BB: What is take back the night?

Jen: Take Back the Night is an international movement that works to end sexual assault. At Columbia there is a student group called Take Back the Night that plans the annual Take Back The Night march, Sexhibition, and other events throughout the year.

BB: What happens during the march at Columbia?

Jen: Before the march starts we have a pre-march rally outside of Barnard Hall, and after that the women-led march walks all around campus and the general area for about an hour and a half reclaiming the streets and turning them into a safe space. In the middle of the march we meet for a moment of silence at the sundial before continuing on.

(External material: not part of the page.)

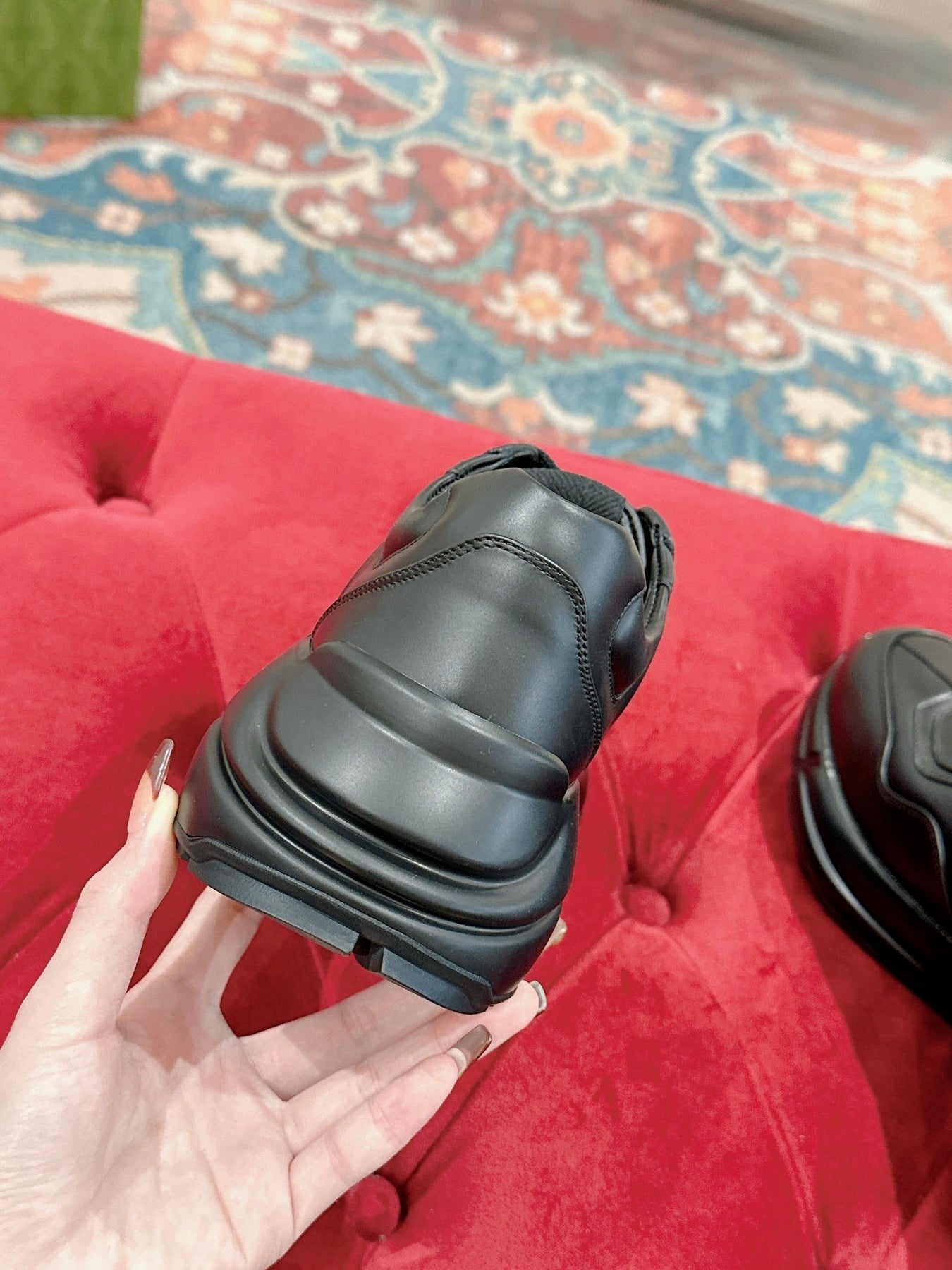 GG RHYTON TRAINER BLACK CALFSKIN WITH WHITE LOGO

Following the march, in LeFrak Gym (Barnard Hall), Take Back The Night conducts a speak-out where survivors, co-survivors, allies, and anyone else can share their experiences or thoughts [concering sexual violence and assualt]. Peer Counselors are available to talk to anyone who would like to (in person or on the phone) and Nightline extends their hours until 5 am that day.

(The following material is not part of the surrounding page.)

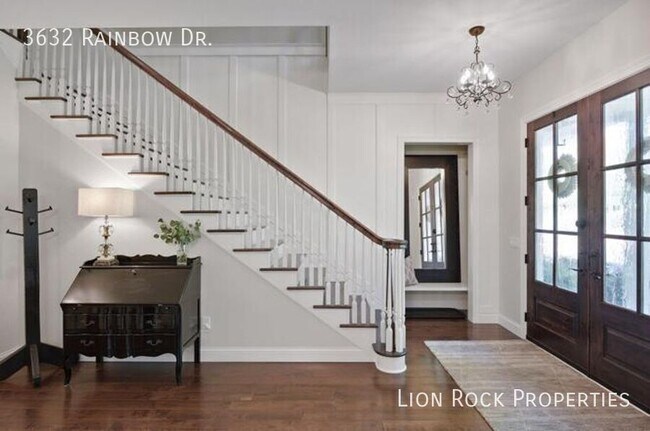 Building Photo - 3632 Rainbow Dr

BB: What do you mean by a women-led march?

Jen: With respect to the history of the movement, and by acknowledging the gendered nature of sexual assault, the Take Back the Night March is led by a section of those identifying as women–to create a safe and comfortable space as well as make clear that this is a women’s initiative. Following the women-led section the rest of the march is co-gendered.

BB: That sounds great! When is the march?
Jen:
The march is Thursday April 16th at 9pm at the Barnard Gates, the speak out begins in LeFrak Gym at 11:00 pm.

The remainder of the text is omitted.